Exciting Minds
2015 - 2020 • Starting Grant
Social choice theory deals with the ubiquitous need in social and professional situations to aggregate individual preferences to determine a collective choice. As with virtually every complex field, the use of computational science can help us understand and predict the process of social choice determination. Computational social choice is the field of study concerned with just this. The ACCORD project will bridge the gap between the theory and practice of collective decision making. The team will develop new, open-source computational tools and methodologies to characterise and predict collective decision making in settings where each member has preferences regarding a finite set of alternative choices.

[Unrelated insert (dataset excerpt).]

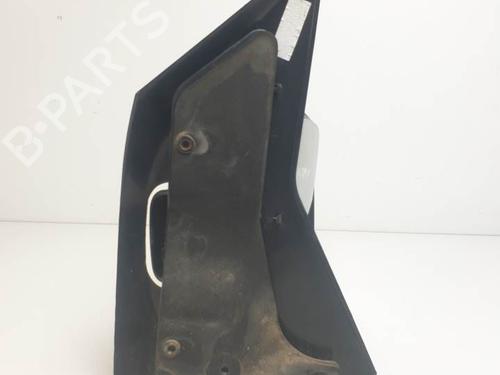 Right mirror MERCEDES-BENZ VITO Van (W638) 110 CDI 2.2 (638.094) | BP29246359C27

The aim of the project was to substantially advance the field of computational social choice by developing new tools and methodologies that can be used for making complex group decisions in rich and structured environments. The team considered settings where each member of a decision-making body has preferences over a finite set of alternatives, and the goal was to synthesise a collective preference over a set of alternatives with a predefined structure. The team formulated desiderata that apply to such preference aggregation procedures, designed procedures to satisfy these desiderata, and developed algorithms for computing them. To lower the cognitive burden on the decision-makers, they extended the procedures to accept partial rankings as inputs. The team also provided open-source software implementations of their procedures and reached out to potential users to obtain feedback on their practical applicability.
Defining and exploring preferences that are single-peaked on a circle and identifying tractable subdomains of the domain of preferences that are single-peaked on a line. The axioms for multiwinner rules that have been identified in the course of the research are equally important, as they offer criteria for choosing decision-making rules.